Michael Stockman <pgmtekn-micke at algonet.se> wrote:
> John Malmberg wrote:
> > I would recommend representing the HIDDEN, READONLY, and SYSTEM
> > attributes as one of these special meaning values.
> >
> > I noted in earlier post (SURS thread) that mapping the READONLY
> > attribute to the UID based protection has problems if you allow a
> > user to toggle it to allow writing to the file.  Representing this as a
> > special identity solves this problem, while adding another, in this
> > case, that the host system will not neccessarily honor it.
>
> I don't quite follow you. I should perhaps point out that samba cannot
> alter your unix system and support more than it can.
> Second, are attributes stored in the ACL/SD? I don't think I've seen
> it on NT and I doubt on unix.

An ACL list is just one way to store extended file attributes.  Primarily
they are used to store security information, but they are not limited to
that function.

I will admit that most of the user interfaces are limited to displaying and
manipulating this information.  The programming API however allows access to
the other functionality.

If you make the ACE look like a security entry even when it is not used for
that, then the existing file security manipulation commands can be used to
modify it instead of needed a separate program.  The trade off is that you
use multiple ACEs that are easy to read instead of an ACE that the standard
utilities report as application specific in uniterpreted hex codes.


The method that SAMBA uses to map the DOS attributes into a protection mask
introduces a small security hole if it is followed in OpenVMS.

In OpenVMS, the eXecute permission, allows that class of users to run a
program or command file (shell script), even if they do not have read access
to it.  It also allows access to files in a directory if you know the
filename when you do not have read access to the directory.

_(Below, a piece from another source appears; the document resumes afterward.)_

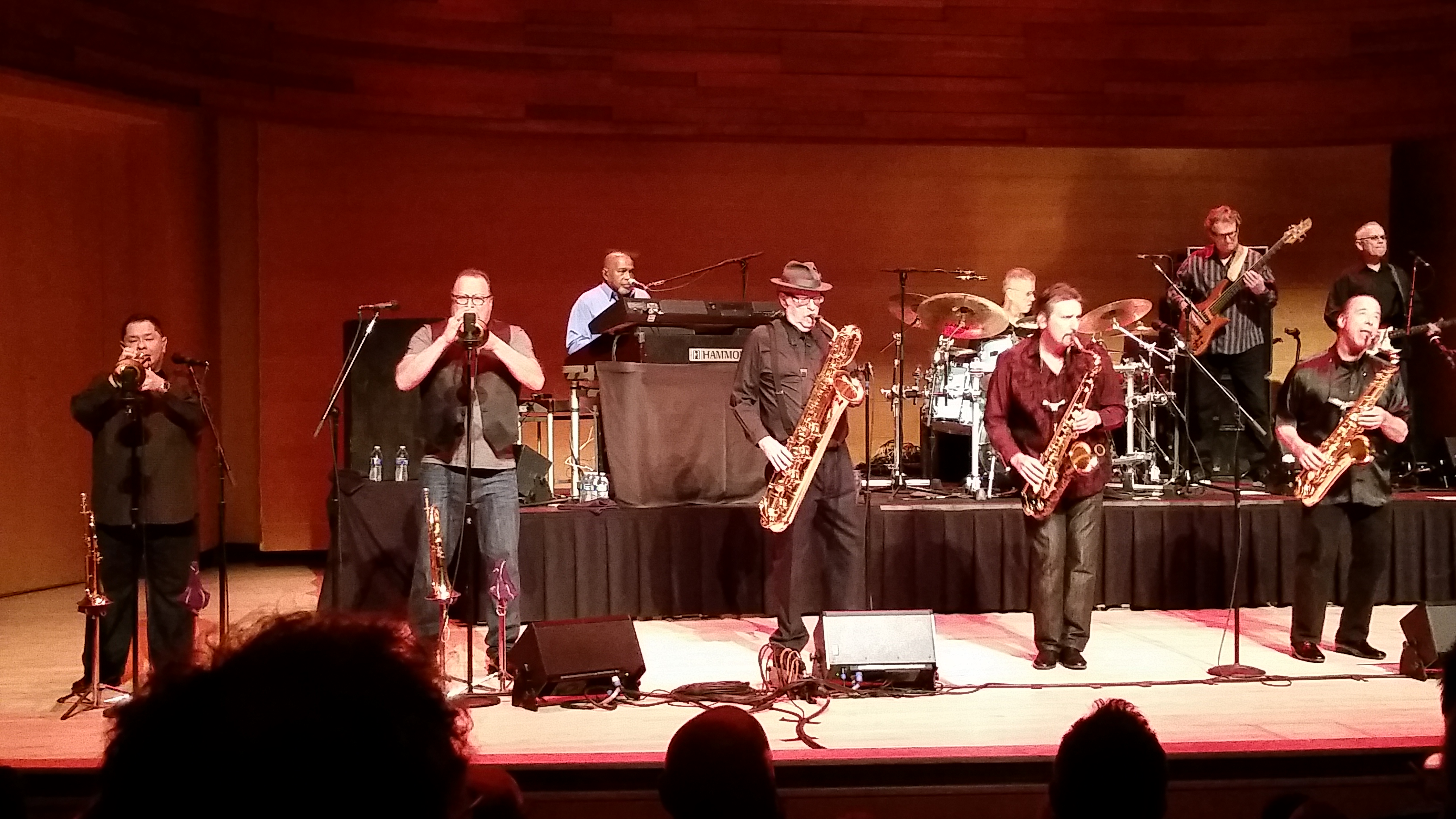 TowerOfPower2017-12-11EarlyMusicalInstrumentMuseumScottsdaleAZ (3).jpg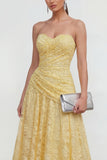 Robe midi en dentelle froncée Yellow Sweetheart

For the HIDDEN and SYSTEM attributes, on a host platform that supports ACLs,
this is the obvious place to store them and not introduce security
anomilies.

The READONLY attribute is still problematic if you allow the user to clear
it.  For a protection mask, you have no information on what it is safe to
write enable.

If you store as an ACE that is part of an ACL and the host operating system
does not already have a READONLY equivalent builtin right, then you have to
decide if you want to add the READONLY right to all the accounts.  If you do
not, then those accounts will not be restricted by the READONLY
characteristics.


> > If it is desired to have the state of the following attributes
> > reported and or updated from a Windows system, then
> > they can also be represented as special meaning values:
> >
> > sticky, setuid, setgid, manditory locking, append only, etc...
>
> If I'm correct, you want samba to check for these file attributes and
> have samba create ACL entries with special users in case they are
> there? If so, you don't need special values, you need ordinary users
> that are interpreted specially in the read and write SD functions,
> because NT must know the user. Your suggestion counts as a hack.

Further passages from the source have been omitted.